[Data below Boundary: Start]

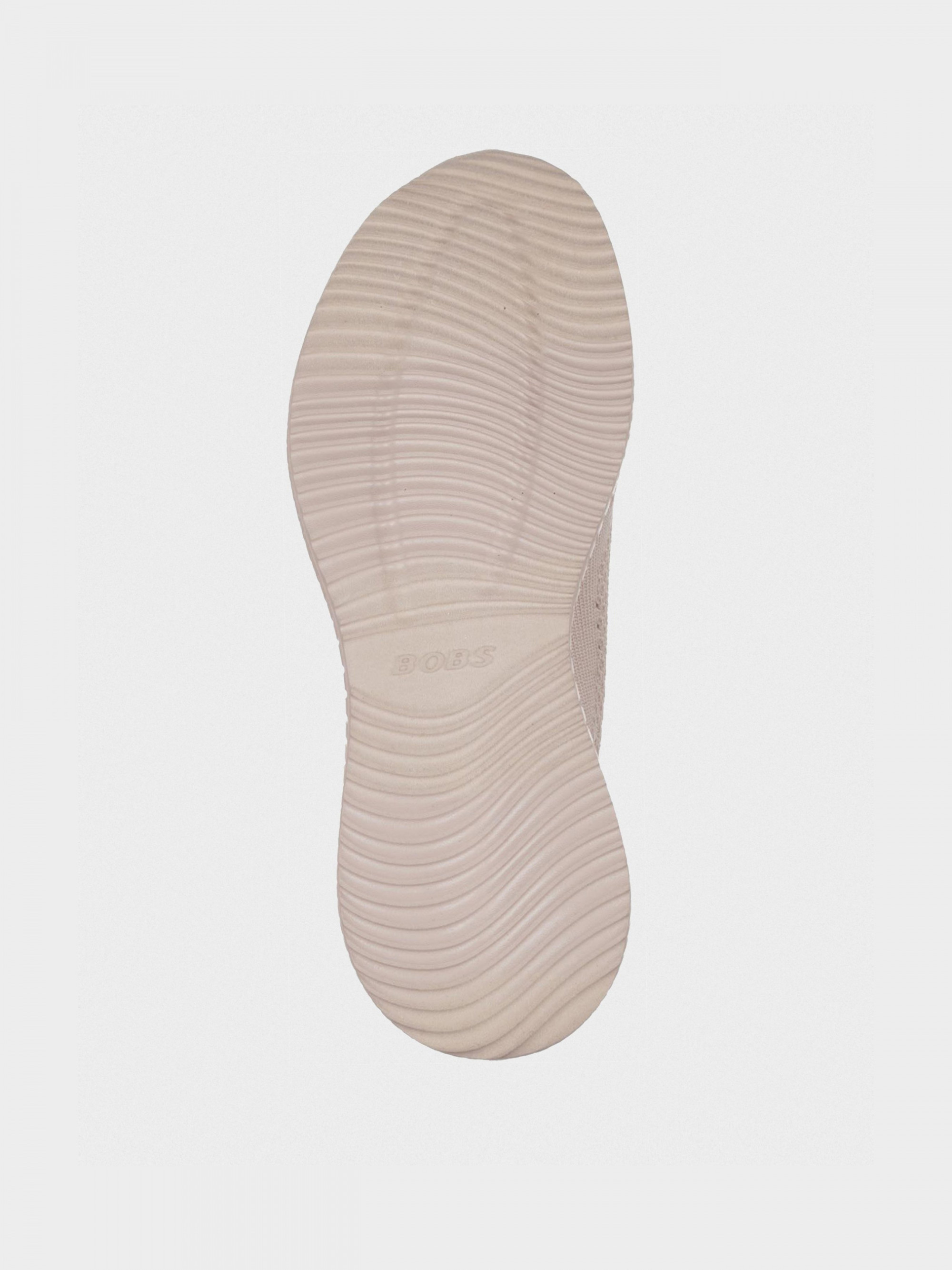 Кросівки Skechers жін. 32509 LTPK 32509-LTPK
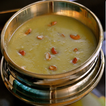 Kerala Payasam Recipe Videos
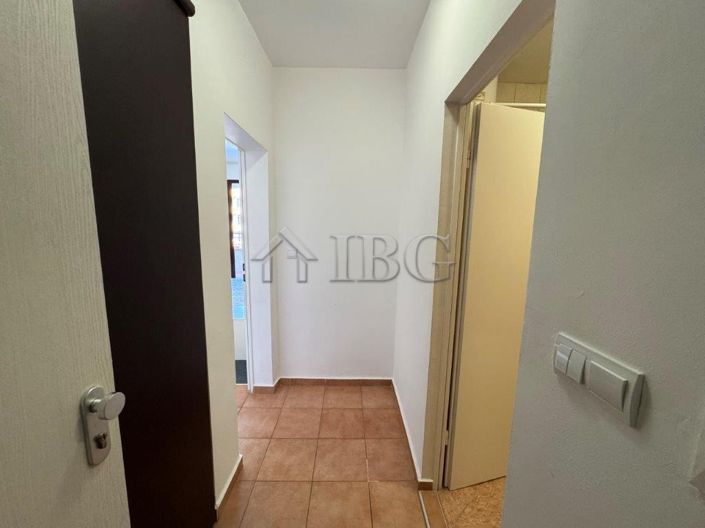 Image No.18-Appartement à vendre à Burgas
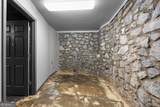 9530 Cedar Grove Road - Photo 49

[Data below Boundary: End]

→ **What you will do**: Retype all the material word for word while skipping any picture it contains.

→ **Solved exercise**:
 Кросівки Skechers жін. 32509 LTPK 32509-LTPK
 Kerala Payasam Recipe Videos
 Image No.18-Appartement à vendre à Burgas
 9530 Cedar Grove Road - Photo 49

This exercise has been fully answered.